240 m of fencing material is going to be used to enclose three sides of a rectangular lot. What should the

dimensions of the lot be so that the enclosed area is as large as possible? (I'm supposed to solve this using a quadratic equations but I don't know how...)

area=lenght*width

240=length+2widdth
or length=240-2W

area=(240-2w)w
So where are the zeroes? at w=0, and w=120.

Where is the maximum? halfway between the zeroes, or at 60=width

To solve this problem, we can start by understanding the constraints given. The problem states that we have 240 m of fencing material to enclose three sides of a rectangular lot. This means that one side of the rectangular lot will already have a boundary, so we only need to find the dimensions for the other two sides.

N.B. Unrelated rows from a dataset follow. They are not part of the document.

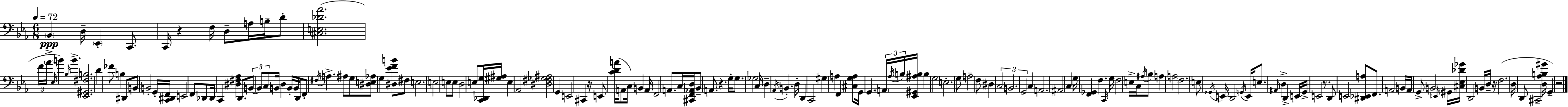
Bb2/q D3/s Eb2/q C2/e. C2/s R/q F3/s D3/e A3/s B3/s D4/e [C#3,E3,Db4,Ab4]/h. F4/s Ab4/s Eb3/s B4/q Bb3/s B4/q. [Eb2,G#2,F#3,B3]/h. D4/q FES4/e B3/q D#2/e B2/e B2/h G2/s [C2,D#2,F2]/s E2/h F2/e Db2/e Db2/s C2/q [D#3,F#3,Ab3]/q D2/e. B2/e B2/e C3/e B2/s D3/q B2/s B2/s D2/s F2/e F#3/s A3/q. A#3/e G3/e [D#3,E3,Ab3]/e G3/q [D#3,Eb4,F4,B4]/e F#3/e E3/h. E3/h E3/e E3/e D3/h E3/e [C2,Db2,G3]/s [G#3,A#3]/s E3/q Ab2/h [D#3,F#3,Gb3,A#3]/h G2/q E2/h C#2/q R/s E2/e [C4,D4,A4]/s A2/e C3/s B2/q A2/s F2/h A2/e. C3/s [C#2,F2,Ab2,D3]/s Bb2/e A2/e. R/q. G3/s G3/e. Gb3/h C3/s D3/q Ab2/s B2/q. D3/s D2/q C2/h G#3/q A3/q F2/q [C#3,G3,A3]/e G2/s G2/q. A2/s Ab3/s B3/s [Eb2,G#2,A#3,B3]/s B3/q G3/h E3/h. G3/e A3/h F3/e D#3/q C3/h B2/h. G2/h C3/q A2/h. A#2/h C3/q G3/s [F2,Gb2]/q F3/q. C2/s G3/s F3/h E3/s C3/s A#3/s Bb3/e A3/q A3/h F3/h. E3/e Gb2/s E2/s D2/h G2/s E2/s E3/e. A#2/s D3/q D2/q E2/s G2/s E2/h R/e. D2/e E2/h [D#2,Eb2,A3]/e F2/e. A2/h B2/s A2/s G2/e B2/h E2/s G#2/s [C#3,Eb3,Db4,Gb4]/s D2/h B2/s D3/s R/s F3/h. D3/s D2/e C#2/h [D3,Ab3,B3,G#4]/s G2/q R/h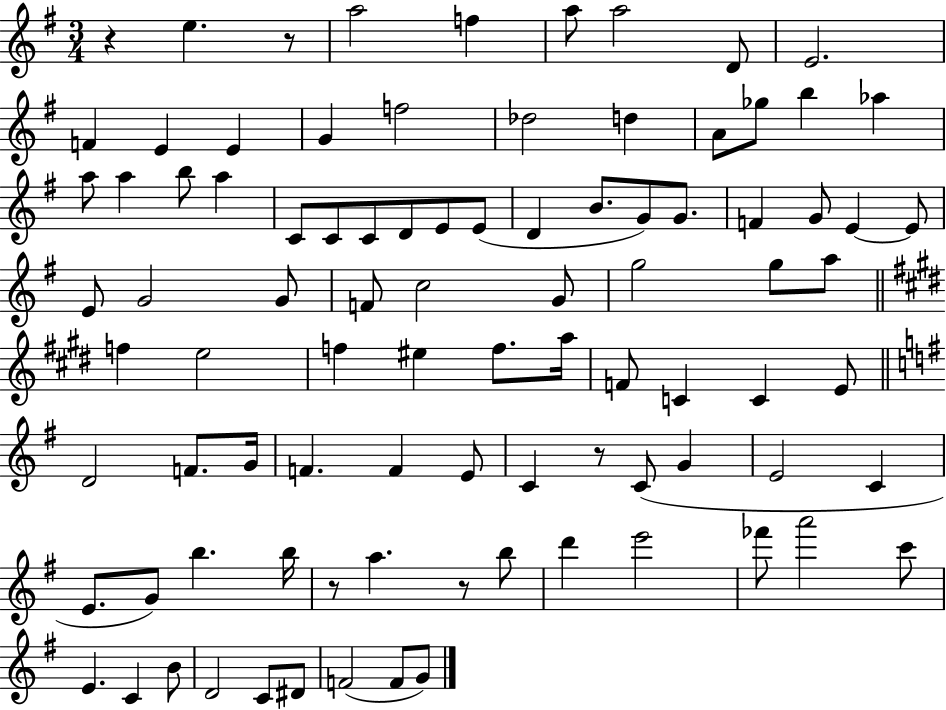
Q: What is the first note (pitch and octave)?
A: E5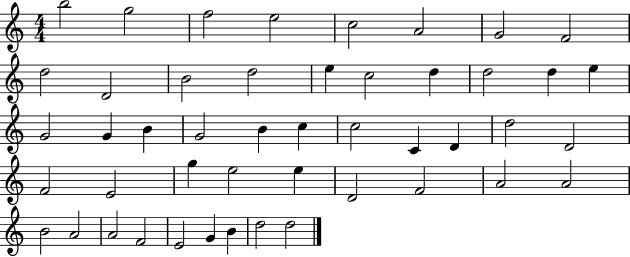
{
  \clef treble
  \numericTimeSignature
  \time 4/4
  \key c \major
  b''2 g''2 | f''2 e''2 | c''2 a'2 | g'2 f'2 | \break d''2 d'2 | b'2 d''2 | e''4 c''2 d''4 | d''2 d''4 e''4 | \break g'2 g'4 b'4 | g'2 b'4 c''4 | c''2 c'4 d'4 | d''2 d'2 | \break f'2 e'2 | g''4 e''2 e''4 | d'2 f'2 | a'2 a'2 | \break b'2 a'2 | a'2 f'2 | e'2 g'4 b'4 | d''2 d''2 | \break \bar "|."
}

Let's assume the length of the rectangular lot is 'L' and the width is 'W'. Since we only have to enclose three sides, the perimeter of the rectangular lot will be:

Perimeter = Length + 2 * Width

Since we are given that the total amount of fencing material is 240 m, we can write the equation as:

240 = L + 2W

To maximize the enclosed area, we need to come up with a quadratic equation. The area of a rectangular lot is given by:

Area = Length * Width

Now we can substitute the value of Length from the first equation into the area equation:

Area = (240 - 2W) * W

Expanding the equation, we have:

Area = 240W - 2W^2

To maximize the area, let's find the vertex of this quadratic equation. The vertex can be found using the formula:

W = -b / (2a)

In our equation, a = -2 and b = 240, so substituting these values into the formula:

W = -(240) / (2 * -2)
W = 120

So, the value of W that maximizes the area is 120. We can substitute this value back into the equation to find the length (L):

240 = L + 2(120)
240 = L + 240
L = 240 - 240
L = 0

Therefore, the dimensions of the lot that would maximize the enclosed area are:
Length = 0 m
Width = 120 m

Note: Since Length = 0 m, this implies that the three sides being enclosed will be two equal sides of length 120 m and one side of length 0 m.